The Debate Between Buying a Used vs a New Car

The Debate Between Buying a Used vs a New Car

There are many factors that should be considered when it comes to buying a car. Do you need a beater or a luxury vehicle, two seats or 10, electric or gas? Perhaps the greatest question of them all, though, is whether you should buy new or used. There are pros and cons to both options, and ultimately it boils down to personal circumstances and preferences. 

With that said, here are some of the primary things that should be taken into consideration when one goes about purchasing a transportation vehicle.

Consider Your Budget

It’s important to start your car-buying journey with the understanding that, regardless of what kind of deal you find, your car will ultimately prove to be an expense and a liability. Cars infamously don’t hold value. In fact, according to Carfax, new cars, in particular, can lose as much as 20% of their value in the first year after purchase, and a car continues to rapidly decline in value after that. 

In other words, your car is an expense, whether it’s new or used. With that in mind, make sure to go into your purchase with a budget in mind. Calculate your cash flow and make sure that you know what kind of payment you can afford. 

Also, be careful to consider long-term costs and short-term costs. How much money can you put down on a vehicle today? How much can you pay on a monthly basis? How long of a loan can you reasonably set up? It’s wise to remember the 20/4/10 rule: put 20% down, take out a loan for no more than four years, and make sure your total monthly car expenses don’t add up to more than 10% of your gross income.

If you find that your budget is tight, you can also look for other areas of spending to cut back on. For instance, if you drop several thousand dollars a year on vacations, you can get a cheap RV and go on vacations for pennies on the dollar, thus freeing up money for a monthly car payment. 

Remember Price Versus Value

As you go about sorting through your budget, remember that there are two sides to car buying finances. The price of the car is important to consider. Can you afford a $40,000 new car? What about a $15,000 used car?

Separately, though, make sure to consider value. That is, what are you getting for your money — regardless of if your car is new or used? For instance, if a car is worth $40,000 but you spend $45,000 on it, that’s a bad value. If a used car is worth $15,000 and you spend $12,000 on it, that’s a good value. Use tools like Kelley Blue Book and Edmunds to understand the value of the vehicles that you’re considering.

Do Your Research Beforehand

Research is always critical when deciding between a new and used car. If you’re going with a used car, you’re going to want to study how to look for the signs of a bad repair and ensure that you have a mechanic ready to check the car.

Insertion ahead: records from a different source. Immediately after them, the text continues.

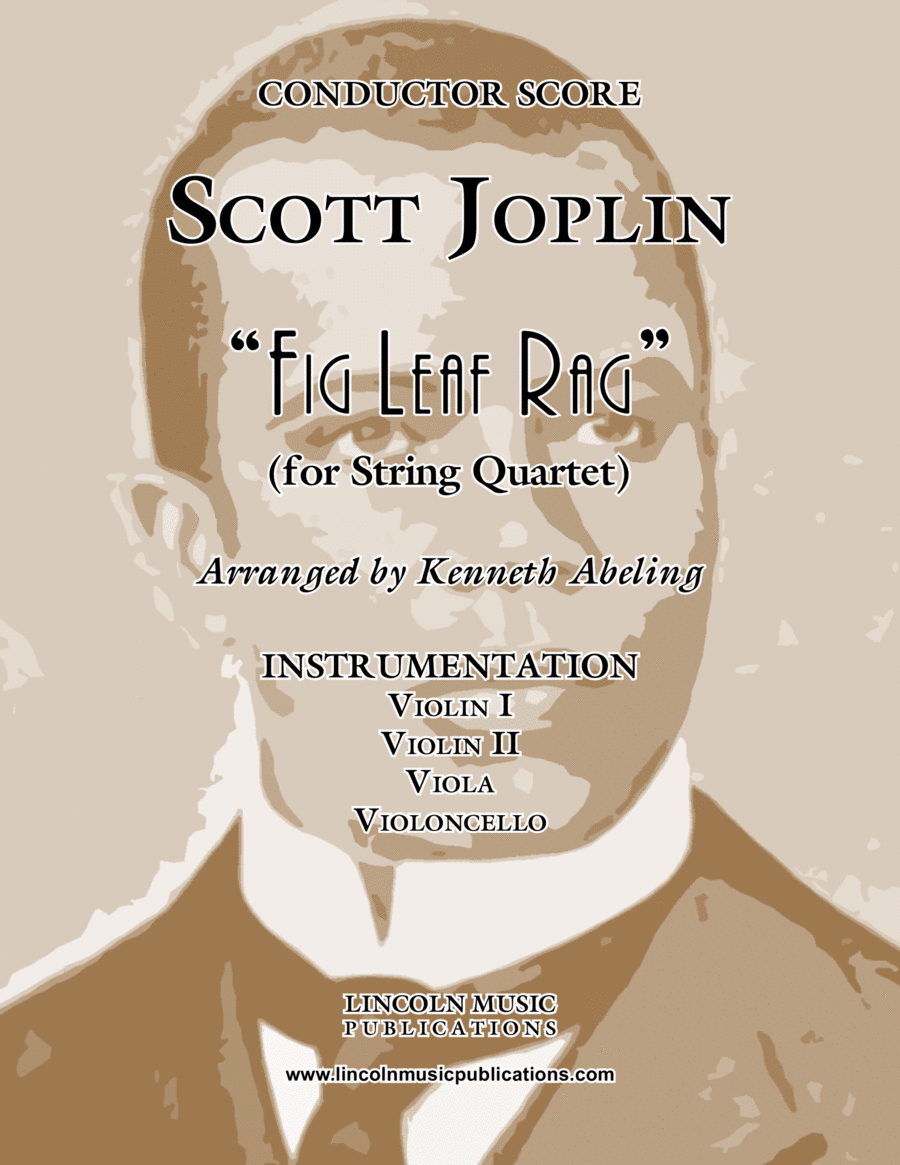 Joplin - “Fig Leaf Rag” (for String Quartet) String Quartet scores gallery preview page 1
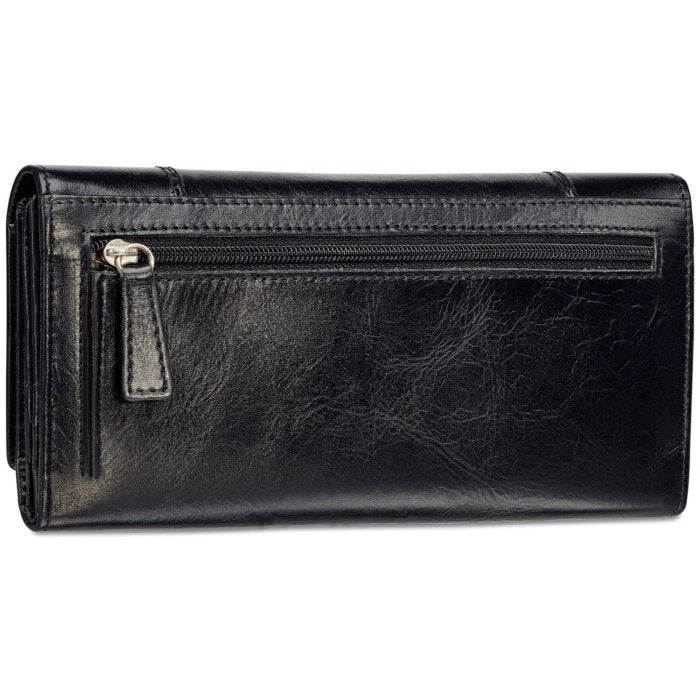 Mancini Casablanca Ladies’ RFID Secure Trifold Wallet 23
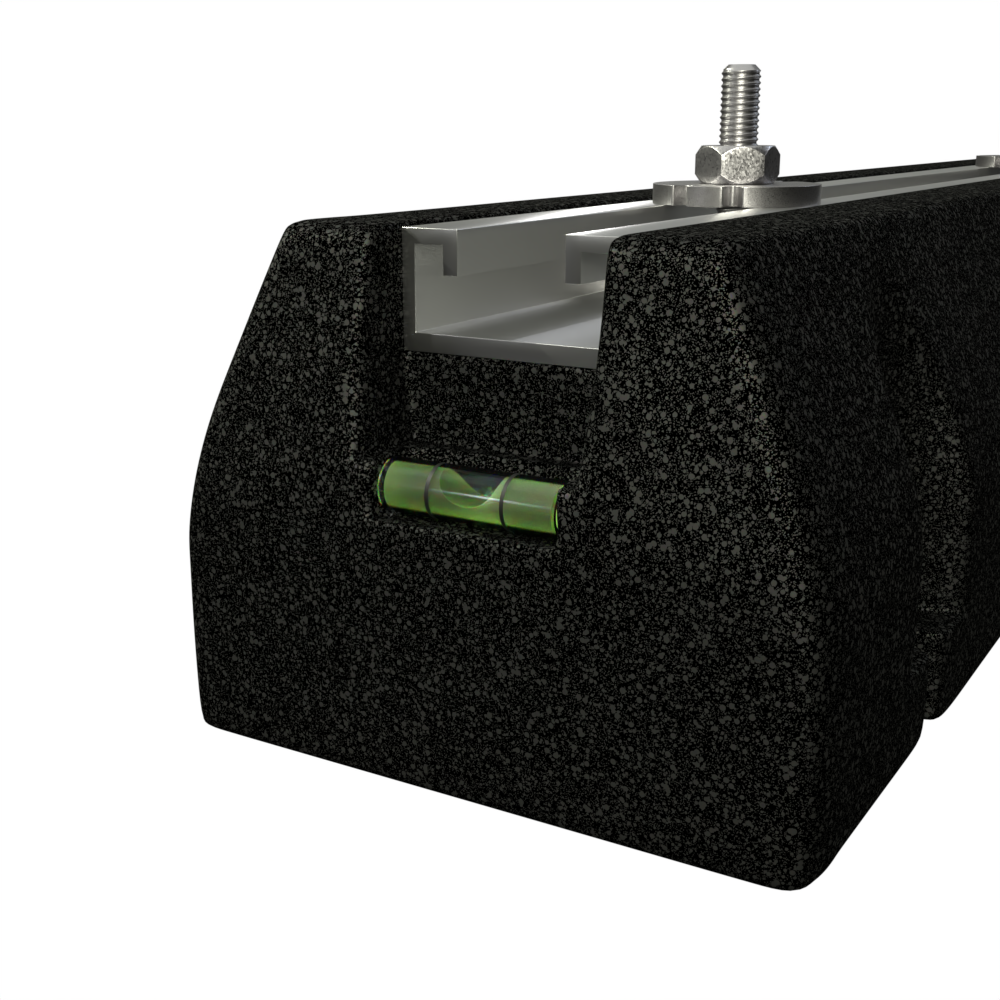 MRCOOL Condenser Riser Leveling Hardware and Accessories Front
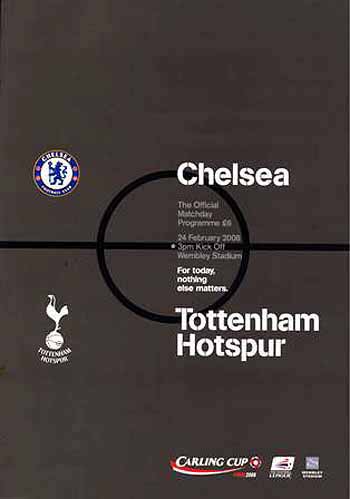 programme cover for Tottenham Hotspur v Chelsea, 24th Feb 2008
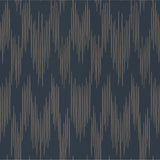 Wallpaper Ikat - Midnight Blue van Långelid / von Brömssen | Kids Conceptstore Le Fanfare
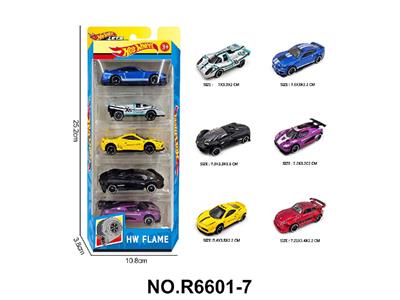 6款1:64风火轮合金车赛车跑车5只装 - OBL10479899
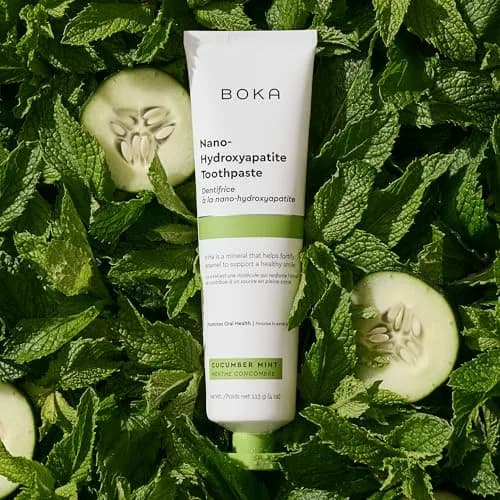 Boka Fluoride-Free Toothpaste with Nano Hydroxyapatite, Cucumber Mint 118g (4 Oz) | Enamel Care & Sensitive Teeth thumbnail 2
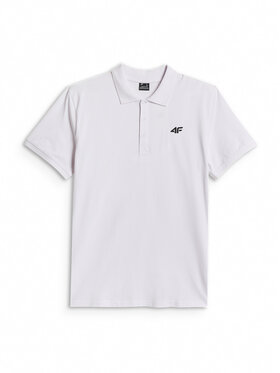 4F 4F Polo NOS Biały Regular Fit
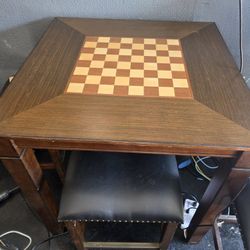 Chess / Checker Table N Chairs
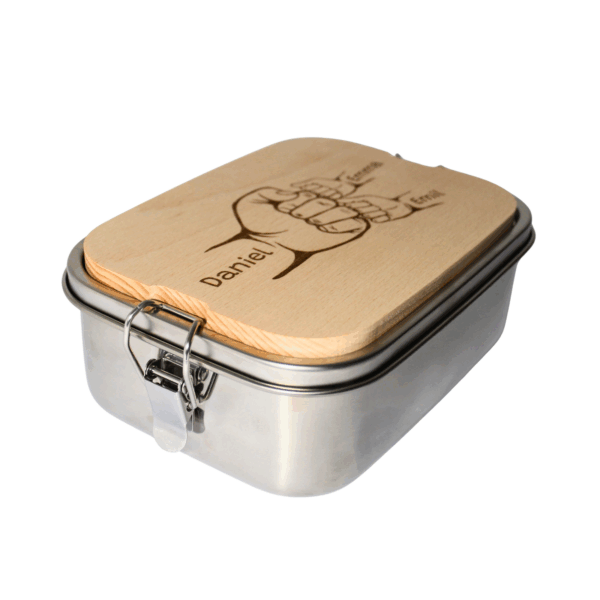 Lunchbox mit Schneidebrett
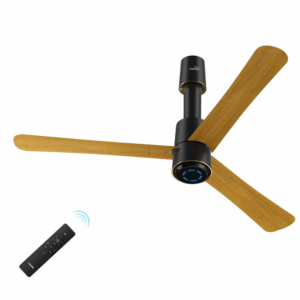 V-Guard Insight-G Premium BLDC Ceiling Fan For Home | 6 Speed Settings | 5-Star Energy Saving | Convenient Remote Control | High-Speed 100% Copper Motor | 1.2M (Choco Gold Wood)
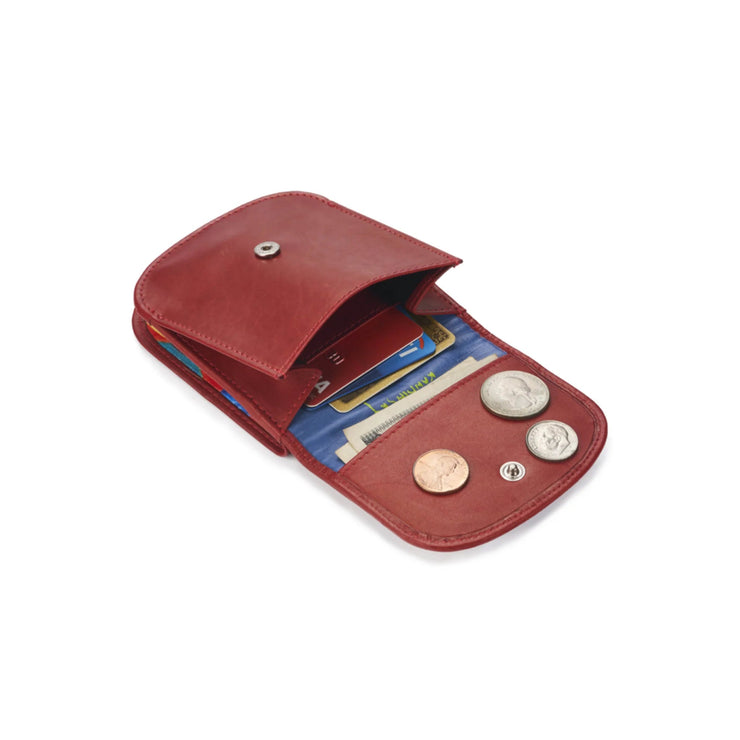 Taxi Wallet: Leather Artist Series-ESSE Purse Museum & Store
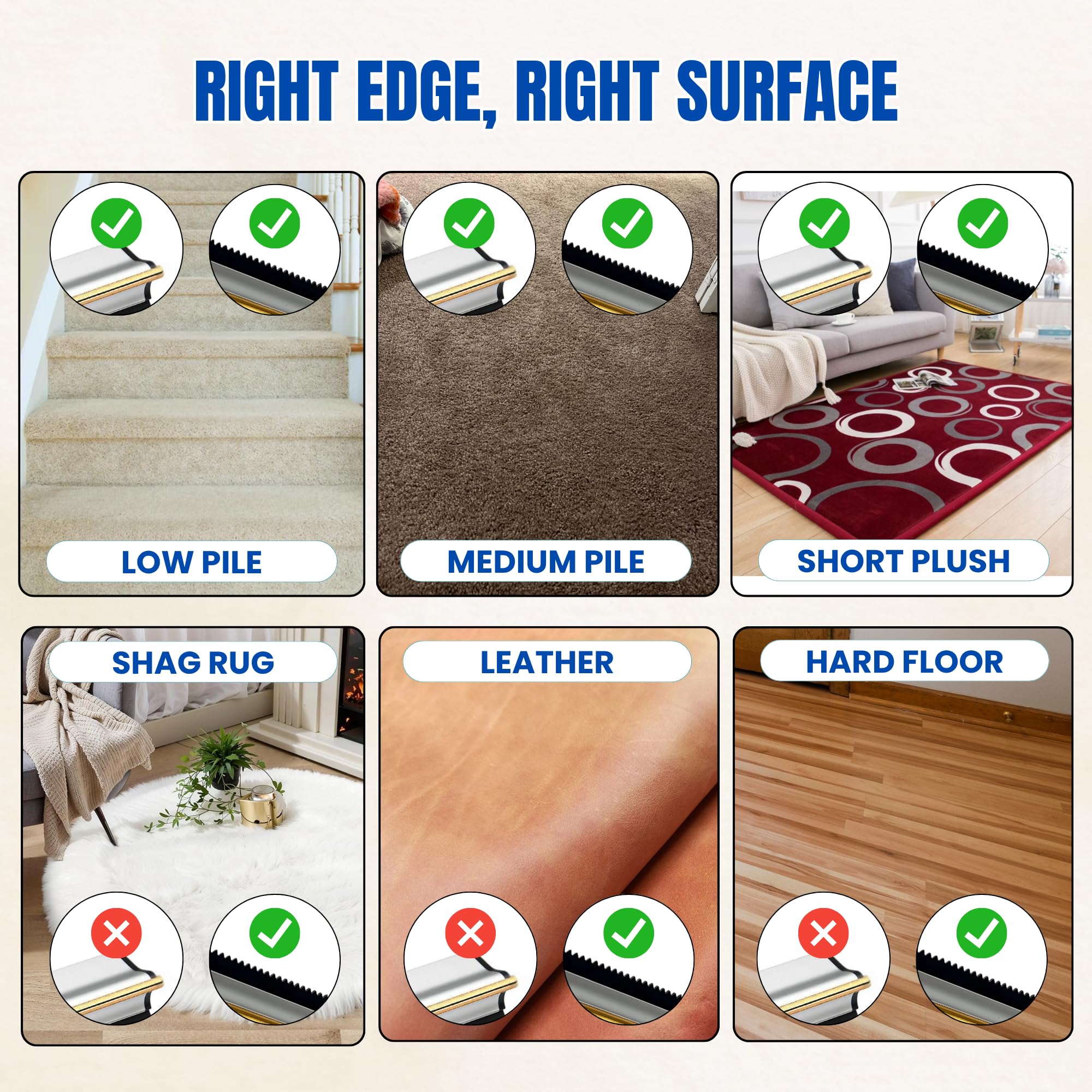 ENUKYCOM râteau nettoyage en profondeur tapis et escaliers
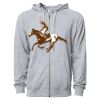 Icon Unisex Lightweight Loopback Terry Full-Zip Hooded Sweatshirt Thumbnail
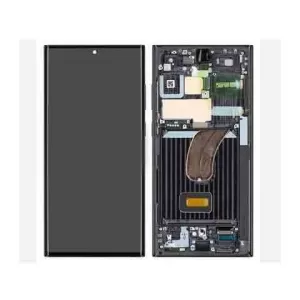 LCD + touchscreen + frame za Samsung S918 Galaxy S23 Ultra GH82-30465D violet (service pack) FULL ORIGINAL EU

If you get a new car, though, you still want to do your homework. Make sure to see what a fair price is, what warranties are available, and if you can find any sales or specials before you shop.

Do You Want Maintenance or Repairs?

When debating new or used cars, make sure to consider whether you want to deal with repairs or not. While a used car may be cheaper, you also will likely end up investing more money in repairs down the road. Remember that you’ll still need to budget for maintenance either way, though. 

Think About Reliability

A new car will typically be more reliable than an older one. It’s just common sense. However, take the time to research the dependability of a specific make and model before committing. For instance, you may find a five-year-old car that has a stellar track record, whereas a brand new car may have terrible reliability reviews. 

In other words, don’t assume that new automatically means reliable. Take all of the factors into consideration.

Gauge Wants and Needs

Finally, take the time to consider what is a want and what is a need. Five seats to fit your family in the vehicle is a need. A spoiler or a sky blue color are wants. If you separate your wants from your needs, it can be easier to decide if you can compromise on your wants in order to get whatever used car is available to meet your needs or if you absolutely need to opt for a new vehicle right out of the gate. 

New or Used? That is the Question.

Whether you’re a parent searching for a larger vehicle, an entrepreneur looking to impress clients with your ride, a college kid hunting for cheap transportation to and from campus, or any other prospective car buyer, make sure to carefully consider your options before you sign onto a new or a used car.

There are plenty of considerations, and each situation is unique. If you start with your budget, gauge wants and needs, and do your research as you go, though, you’ll be able to whittle down your options and ultimately make the choice between a new and a used vehicle.